* **Information shown**

^^^^^^^^^^^^^^^^

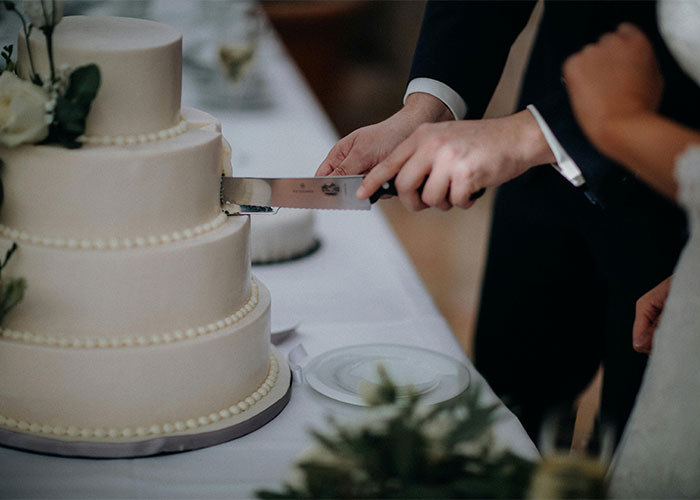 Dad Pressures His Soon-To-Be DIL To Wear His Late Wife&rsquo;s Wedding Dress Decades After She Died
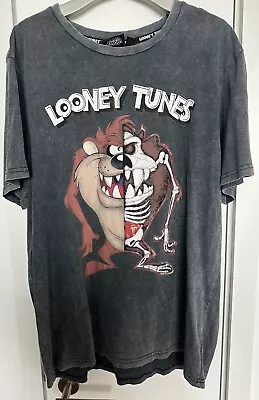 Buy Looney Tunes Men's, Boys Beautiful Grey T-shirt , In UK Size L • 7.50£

^^^^^^^^^^^^^^^^

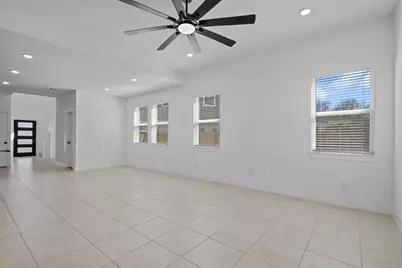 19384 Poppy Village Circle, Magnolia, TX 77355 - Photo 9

^^^^^^^^^^^^^^^^

* **Work to complete**
Starting with the line that has "Dad Pressures His" and ending with the line that has "Buy Looney Tunes", repeat the lines above exactly, omitting every picture.

* **Solution for this task**
 Dad Pressures His Soon-To-Be DIL To Wear His Late Wife&rsquo;s Wedding Dress Decades After She Died
 Buy Looney Tunes Men's, Boys Beautiful Grey T-shirt , In UK Size L • 7.50£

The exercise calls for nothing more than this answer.